The Role of Religion in Wuthering Heights. By Graeme Tytler (41-55)
Abstract
Among several scholarly studies concerned with the treatment of religion in Wuthering Heights one may find assertions to the effect that Emily's novel is an anti-Christian book. This argument tends to be supported by reference to the glaring limitations of Joseph and Nelly Dean as Christians or, more particularly, by the perception that the 'transcendental' thinking of Heathcliff and Catherine is worthier than the Christian teachings on which they have been painfully brought up and which, as adults, they have come to repudiate. But a careful examination of the attitudes and behaviour of the main characters, especially in relation to the biblical quotations and allusions incorporated in the narrative, would suggest that, in Emily's eyes, the Gospel is none the less relevant to modern man, and that any shortcomings within the Protestant Church in the late eighteenth century and beyond are due, not to Christianity but, rather, to Christians themselves.

J. B. Leyland: Sculptor and Friend of Branwell Brontë.
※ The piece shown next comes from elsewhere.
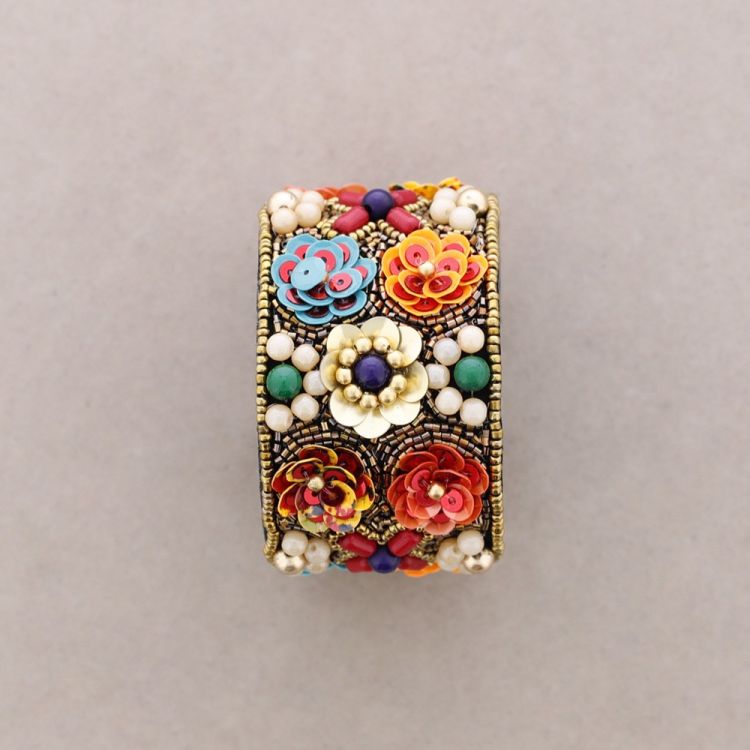 ADJUSTABLE SEQUIN FLOWER BRACELET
By Michael Walker (57-70)
Abstract
At the age of twenty-one, J.B. Leyland modelled a statue of great size. It was of Spartacus, the Thracian hero. The statue was displayed at the Manchester Exhibition of 1832. It was said to be the most striking work of art on display, and a work far beyond the sculptor's age. This praise heralded the arrival of a yound genius. This youthful sculptor and poet was one of a group of young Yorkshire artists and writers who had emerged in the late Georgian and early Victorian period. They met regularly at the George Hotel, Bradford, where they would discuss and criticize each other's literary and artistic offerings in a convivial atmosphere. Branwell Brontë was a member of this group. This article looks at the life and work of J. B. Leyland--'flawed genius'.

REVIEWS
(71-89)
Finally we highlight the following talks: The first one was presented yesterday, February 7, in the Victorian Beginnings Conference- AVSA 2007 (7-11 February 2007 University Club, University of Western Australia):
Screen Voyages: Wuthering Heights and Adaptation as ‘Travel’ and ‘Translation by Hila Shachar
The second one will be given next February 10, as a part of the Australian Brontë Association activities for 2007:
Saturday 10th FEBRUARY 10:30am at the Sidney Mechanics' School of Arts (including a brief AGM)
Susannah Fullerton: Daphne du Maurier and the Brontës
Daphne du Maurier was a life-long reader of the Brontës. Her novel Rebecca was strongly influenced by Jane Eyre, but her true sympathy lay with Branwell Brontë and she wrote a book about his short and tragic life. Susannah Fullerton will discuss the Brontë influence on this popular novelist.